**Exercise aim**
Only the lines from the line holding "Screenshot 23" through the final line of the entries below are to be returned, exactly as they stand.

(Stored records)
= = = = = = =












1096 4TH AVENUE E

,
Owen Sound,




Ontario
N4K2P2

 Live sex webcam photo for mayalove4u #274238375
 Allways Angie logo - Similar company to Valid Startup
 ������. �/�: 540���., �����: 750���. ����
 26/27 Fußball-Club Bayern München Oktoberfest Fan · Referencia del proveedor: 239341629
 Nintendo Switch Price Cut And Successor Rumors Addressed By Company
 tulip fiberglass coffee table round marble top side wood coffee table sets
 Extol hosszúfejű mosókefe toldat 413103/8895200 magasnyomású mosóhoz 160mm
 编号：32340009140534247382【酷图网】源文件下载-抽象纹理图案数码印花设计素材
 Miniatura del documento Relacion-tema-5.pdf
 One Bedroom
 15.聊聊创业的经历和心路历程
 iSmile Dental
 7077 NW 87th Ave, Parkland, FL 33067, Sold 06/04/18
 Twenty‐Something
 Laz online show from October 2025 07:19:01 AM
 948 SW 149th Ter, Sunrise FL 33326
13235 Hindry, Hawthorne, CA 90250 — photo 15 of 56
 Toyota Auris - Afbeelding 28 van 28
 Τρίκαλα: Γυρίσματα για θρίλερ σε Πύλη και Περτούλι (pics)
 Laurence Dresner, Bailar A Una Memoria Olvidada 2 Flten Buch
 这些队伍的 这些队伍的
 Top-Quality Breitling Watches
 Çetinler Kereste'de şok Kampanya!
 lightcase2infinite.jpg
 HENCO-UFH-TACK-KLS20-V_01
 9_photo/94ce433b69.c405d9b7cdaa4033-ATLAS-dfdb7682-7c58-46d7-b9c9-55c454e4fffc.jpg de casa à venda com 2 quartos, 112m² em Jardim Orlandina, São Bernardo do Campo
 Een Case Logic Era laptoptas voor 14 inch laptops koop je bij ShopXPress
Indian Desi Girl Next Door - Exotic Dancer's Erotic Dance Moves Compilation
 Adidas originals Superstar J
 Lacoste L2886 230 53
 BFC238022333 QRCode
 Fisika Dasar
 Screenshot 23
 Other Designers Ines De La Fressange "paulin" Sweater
= = = = = = =
**Exercise output**
 Screenshot 23
 Other Designers Ines De La Fressange "paulin" Sweater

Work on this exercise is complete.